> [Short descriptive text snippets]:

┏━━

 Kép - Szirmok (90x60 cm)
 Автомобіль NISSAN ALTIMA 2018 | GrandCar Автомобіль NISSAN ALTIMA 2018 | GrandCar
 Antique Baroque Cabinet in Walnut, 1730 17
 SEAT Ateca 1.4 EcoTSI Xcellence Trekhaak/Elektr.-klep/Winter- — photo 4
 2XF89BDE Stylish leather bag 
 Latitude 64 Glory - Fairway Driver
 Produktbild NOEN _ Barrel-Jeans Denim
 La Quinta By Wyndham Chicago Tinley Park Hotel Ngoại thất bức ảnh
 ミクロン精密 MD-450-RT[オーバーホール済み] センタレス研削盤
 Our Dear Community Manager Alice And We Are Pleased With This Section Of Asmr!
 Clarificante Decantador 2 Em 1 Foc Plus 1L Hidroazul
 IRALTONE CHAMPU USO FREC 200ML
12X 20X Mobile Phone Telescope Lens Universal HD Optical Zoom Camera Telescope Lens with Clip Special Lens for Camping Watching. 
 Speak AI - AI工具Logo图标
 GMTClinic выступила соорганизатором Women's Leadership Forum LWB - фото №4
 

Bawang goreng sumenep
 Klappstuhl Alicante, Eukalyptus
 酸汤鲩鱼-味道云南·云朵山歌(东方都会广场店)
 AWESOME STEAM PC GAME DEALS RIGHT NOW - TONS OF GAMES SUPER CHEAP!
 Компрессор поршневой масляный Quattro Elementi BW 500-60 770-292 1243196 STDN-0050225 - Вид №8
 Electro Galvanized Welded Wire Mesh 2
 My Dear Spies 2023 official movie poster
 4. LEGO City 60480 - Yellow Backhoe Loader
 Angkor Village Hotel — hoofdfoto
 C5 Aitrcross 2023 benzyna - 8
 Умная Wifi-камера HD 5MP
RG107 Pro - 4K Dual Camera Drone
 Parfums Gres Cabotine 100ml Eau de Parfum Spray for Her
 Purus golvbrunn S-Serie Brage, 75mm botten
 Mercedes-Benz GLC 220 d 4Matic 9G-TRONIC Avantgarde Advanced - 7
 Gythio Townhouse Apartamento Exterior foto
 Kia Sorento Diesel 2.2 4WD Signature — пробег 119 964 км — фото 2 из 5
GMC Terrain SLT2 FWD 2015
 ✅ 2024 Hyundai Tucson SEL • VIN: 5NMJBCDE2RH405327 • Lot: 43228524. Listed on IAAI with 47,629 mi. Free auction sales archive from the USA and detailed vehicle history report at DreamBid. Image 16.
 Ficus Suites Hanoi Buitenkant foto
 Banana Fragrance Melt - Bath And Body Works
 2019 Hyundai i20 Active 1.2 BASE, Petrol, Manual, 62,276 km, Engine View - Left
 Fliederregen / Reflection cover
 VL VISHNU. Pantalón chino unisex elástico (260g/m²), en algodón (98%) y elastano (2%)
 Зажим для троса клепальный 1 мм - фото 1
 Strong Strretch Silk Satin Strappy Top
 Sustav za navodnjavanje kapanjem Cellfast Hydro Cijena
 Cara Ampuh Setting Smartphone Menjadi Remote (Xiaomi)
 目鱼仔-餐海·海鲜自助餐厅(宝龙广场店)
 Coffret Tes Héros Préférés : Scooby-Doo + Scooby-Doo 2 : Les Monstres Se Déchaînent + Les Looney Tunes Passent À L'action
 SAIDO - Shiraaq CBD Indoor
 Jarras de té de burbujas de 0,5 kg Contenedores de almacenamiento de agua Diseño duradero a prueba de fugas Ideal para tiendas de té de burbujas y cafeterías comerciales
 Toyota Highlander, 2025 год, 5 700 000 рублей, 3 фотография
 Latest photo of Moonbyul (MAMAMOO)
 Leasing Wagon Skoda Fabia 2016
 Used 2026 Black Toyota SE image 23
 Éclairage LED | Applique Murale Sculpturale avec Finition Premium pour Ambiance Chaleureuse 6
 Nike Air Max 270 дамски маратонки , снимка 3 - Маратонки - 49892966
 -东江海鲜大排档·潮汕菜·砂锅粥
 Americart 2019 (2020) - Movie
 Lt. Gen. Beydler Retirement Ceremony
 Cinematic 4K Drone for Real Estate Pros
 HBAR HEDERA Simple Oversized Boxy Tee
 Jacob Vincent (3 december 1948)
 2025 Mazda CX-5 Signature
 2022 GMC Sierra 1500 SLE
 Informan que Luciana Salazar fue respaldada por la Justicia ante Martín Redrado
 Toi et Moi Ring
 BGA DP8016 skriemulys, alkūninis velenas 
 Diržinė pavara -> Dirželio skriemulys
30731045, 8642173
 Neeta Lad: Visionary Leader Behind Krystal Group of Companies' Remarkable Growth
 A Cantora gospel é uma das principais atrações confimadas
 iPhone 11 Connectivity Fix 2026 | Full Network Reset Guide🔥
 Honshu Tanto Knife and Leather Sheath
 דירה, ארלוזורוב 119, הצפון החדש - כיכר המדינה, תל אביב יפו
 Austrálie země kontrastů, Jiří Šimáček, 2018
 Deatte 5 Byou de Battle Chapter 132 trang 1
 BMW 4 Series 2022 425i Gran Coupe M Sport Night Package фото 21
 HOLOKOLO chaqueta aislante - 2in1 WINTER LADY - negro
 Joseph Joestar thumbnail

┗━━

> [HOW TO COMPLETE THIS TASK]:
Please output each entry above exactly, leaving nothing out.

> [REPLY]:
 Kép - Szirmok (90x60 cm)
 Автомобіль NISSAN ALTIMA 2018 | GrandCar Автомобіль NISSAN ALTIMA 2018 | GrandCar
 Antique Baroque Cabinet in Walnut, 1730 17
 SEAT Ateca 1.4 EcoTSI Xcellence Trekhaak/Elektr.-klep/Winter- — photo 4
 2XF89BDE Stylish leather bag 
 Latitude 64 Glory - Fairway Driver
 Produktbild NOEN _ Barrel-Jeans Denim
 La Quinta By Wyndham Chicago Tinley Park Hotel Ngoại thất bức ảnh
 ミクロン精密 MD-450-RT[オーバーホール済み] センタレス研削盤
 Our Dear Community Manager Alice And We Are Pleased With This Section Of Asmr!
 Clarificante Decantador 2 Em 1 Foc Plus 1L Hidroazul
 IRALTONE CHAMPU USO FREC 200ML
12X 20X Mobile Phone Telescope Lens Universal HD Optical Zoom Camera Telescope Lens with Clip Special Lens for Camping Watching. 
 Speak AI - AI工具Logo图标
 GMTClinic выступила соорганизатором Women's Leadership Forum LWB - фото №4
 

Bawang goreng sumenep
 Klappstuhl Alicante, Eukalyptus
 酸汤鲩鱼-味道云南·云朵山歌(东方都会广场店)
 AWESOME STEAM PC GAME DEALS RIGHT NOW - TONS OF GAMES SUPER CHEAP!
 Компрессор поршневой масляный Quattro Elementi BW 500-60 770-292 1243196 STDN-0050225 - Вид №8
 Electro Galvanized Welded Wire Mesh 2
 My Dear Spies 2023 official movie poster
 4. LEGO City 60480 - Yellow Backhoe Loader
 Angkor Village Hotel — hoofdfoto
 C5 Aitrcross 2023 benzyna - 8
 Умная Wifi-камера HD 5MP
RG107 Pro - 4K Dual Camera Drone
 Parfums Gres Cabotine 100ml Eau de Parfum Spray for Her
 Purus golvbrunn S-Serie Brage, 75mm botten
 Mercedes-Benz GLC 220 d 4Matic 9G-TRONIC Avantgarde Advanced - 7
 Gythio Townhouse Apartamento Exterior foto
 Kia Sorento Diesel 2.2 4WD Signature — пробег 119 964 км — фото 2 из 5
GMC Terrain SLT2 FWD 2015
 ✅ 2024 Hyundai Tucson SEL • VIN: 5NMJBCDE2RH405327 • Lot: 43228524. Listed on IAAI with 47,629 mi. Free auction sales archive from the USA and detailed vehicle history report at DreamBid. Image 16.
 Ficus Suites Hanoi Buitenkant foto
 Banana Fragrance Melt - Bath And Body Works
 2019 Hyundai i20 Active 1.2 BASE, Petrol, Manual, 62,276 km, Engine View - Left
 Fliederregen / Reflection cover
 VL VISHNU. Pantalón chino unisex elástico (260g/m²), en algodón (98%) y elastano (2%)
 Зажим для троса клепальный 1 мм - фото 1
 Strong Strretch Silk Satin Strappy Top
 Sustav za navodnjavanje kapanjem Cellfast Hydro Cijena
 Cara Ampuh Setting Smartphone Menjadi Remote (Xiaomi)
 目鱼仔-餐海·海鲜自助餐厅(宝龙广场店)
 Coffret Tes Héros Préférés : Scooby-Doo + Scooby-Doo 2 : Les Monstres Se Déchaînent + Les Looney Tunes Passent À L'action
 SAIDO - Shiraaq CBD Indoor
 Jarras de té de burbujas de 0,5 kg Contenedores de almacenamiento de agua Diseño duradero a prueba de fugas Ideal para tiendas de té de burbujas y cafeterías comerciales
 Toyota Highlander, 2025 год, 5 700 000 рублей, 3 фотография
 Latest photo of Moonbyul (MAMAMOO)
 Leasing Wagon Skoda Fabia 2016
 Used 2026 Black Toyota SE image 23
 Éclairage LED | Applique Murale Sculpturale avec Finition Premium pour Ambiance Chaleureuse 6
 Nike Air Max 270 дамски маратонки , снимка 3 - Маратонки - 49892966
 -东江海鲜大排档·潮汕菜·砂锅粥
 Americart 2019 (2020) - Movie
 Lt. Gen. Beydler Retirement Ceremony
 Cinematic 4K Drone for Real Estate Pros
 HBAR HEDERA Simple Oversized Boxy Tee
 Jacob Vincent (3 december 1948)
 2025 Mazda CX-5 Signature
 2022 GMC Sierra 1500 SLE
 Informan que Luciana Salazar fue respaldada por la Justicia ante Martín Redrado
 Toi et Moi Ring
 BGA DP8016 skriemulys, alkūninis velenas 
 Diržinė pavara -> Dirželio skriemulys
30731045, 8642173
 Neeta Lad: Visionary Leader Behind Krystal Group of Companies' Remarkable Growth
 A Cantora gospel é uma das principais atrações confimadas
 iPhone 11 Connectivity Fix 2026 | Full Network Reset Guide🔥
 Honshu Tanto Knife and Leather Sheath
 דירה, ארלוזורוב 119, הצפון החדש - כיכר המדינה, תל אביב יפו
 Austrálie země kontrastů, Jiří Šimáček, 2018
 Deatte 5 Byou de Battle Chapter 132 trang 1
 BMW 4 Series 2022 425i Gran Coupe M Sport Night Package фото 21
 HOLOKOLO chaqueta aislante - 2in1 WINTER LADY - negro
 Joseph Joestar thumbnail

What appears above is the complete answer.